Crews were reportedly inspecting a storage unit in connection with an individual who is believed to collect and store explosives.
The alleyway remained closed on Tuesday night, though the surrounding apartment buildings were open. It's unclear what, if anything, was found.
"People down there with robots, going into garages and using ropes to open doors, you definitely know that something's off," said Dave Preston, whose apartment balcony is right over the garage that was being inspected.
LASD issued the following statement:
"Today at approximately 3:45 p.m., Sheriff's homicide investigators, including the Bureau of Alcohol, Tobacco, Firearms and Explosives and the Los Angeles Police Department, served a search warrant at the 4200 Block of Via Marina, in Marina Del Rey. Investigators are continuing to follow up on additional leads and evidence to determine the origins of the devices located on Thursday in Santa Monica. No further information will be available."
On Monday, the sheriff's department said a search warrant was executed in the 13900 Block of Marquesas Way in Marina del Rey at a boat docked in the harbor -- also in connection with the case. The department said investigators are following "all leads and evidence to determine the origins of the devices."
"I saw about 50 cop cars, cops coming out with bulletproof-looking vests on and continuing to come down, and all kind of hovering over on the marina, right by the water," said Rachel McCord, a Marina Del Rey resident.
The device that exploded last week at a Los Angeles County Sheriff's Department facility in East L.A. and killed three detectives was a grenade, ABC News sources confirmed on Monday.
Agents and detectives had investigated a Santa Monica apartment complex in connection with Friday's explosion, the Los Angeles County Sheriff's Department said.
According to ABC News sources, the grenades were allegedly left by a previous tenant of the Santa Monica complex. The bomb squad team X-rayed the grenades, which were believed to have been inert, before the detectives moved them back to the facility, where they exploded Friday.
The HOA president told a resident that a former tenant who had been in the military may have left the grenades behind, and a current resident discovered them in her storage locker last Thursday.
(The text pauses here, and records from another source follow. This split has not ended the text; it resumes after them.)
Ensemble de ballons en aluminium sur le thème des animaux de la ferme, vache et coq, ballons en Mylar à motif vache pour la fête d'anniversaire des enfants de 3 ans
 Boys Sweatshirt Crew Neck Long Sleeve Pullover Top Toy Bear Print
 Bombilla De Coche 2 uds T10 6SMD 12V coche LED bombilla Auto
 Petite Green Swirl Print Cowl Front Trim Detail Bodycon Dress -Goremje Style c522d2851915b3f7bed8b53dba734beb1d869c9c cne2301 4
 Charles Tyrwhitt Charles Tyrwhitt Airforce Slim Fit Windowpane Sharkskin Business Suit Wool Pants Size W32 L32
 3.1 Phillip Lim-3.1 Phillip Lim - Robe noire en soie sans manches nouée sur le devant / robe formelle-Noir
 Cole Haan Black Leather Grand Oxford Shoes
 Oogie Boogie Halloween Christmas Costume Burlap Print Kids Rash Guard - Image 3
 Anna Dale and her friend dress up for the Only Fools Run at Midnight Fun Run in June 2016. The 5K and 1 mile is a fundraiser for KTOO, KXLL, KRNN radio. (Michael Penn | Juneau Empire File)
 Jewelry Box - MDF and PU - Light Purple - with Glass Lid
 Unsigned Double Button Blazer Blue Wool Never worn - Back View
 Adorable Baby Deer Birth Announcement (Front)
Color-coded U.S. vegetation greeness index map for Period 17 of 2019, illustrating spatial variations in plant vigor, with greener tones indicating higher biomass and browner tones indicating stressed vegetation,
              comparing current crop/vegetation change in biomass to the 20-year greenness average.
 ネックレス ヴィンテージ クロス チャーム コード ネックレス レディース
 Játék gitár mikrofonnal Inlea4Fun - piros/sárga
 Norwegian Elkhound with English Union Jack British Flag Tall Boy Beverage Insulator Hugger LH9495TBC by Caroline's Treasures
Over the weekend, the Bureau of Alcohol, Tobacco, Firearms and Explosives' (ATF) National Response Team took over the investigation.
The three men killed were identified as detectives Joshua Kelley-Eklund, Victor Lemus, and William Osborn. They were described as elite members of the Special Enforcement Bureau's Arson Explosives Detail, with a collective 74 years of service. Between them, the three men leave behind 16 children.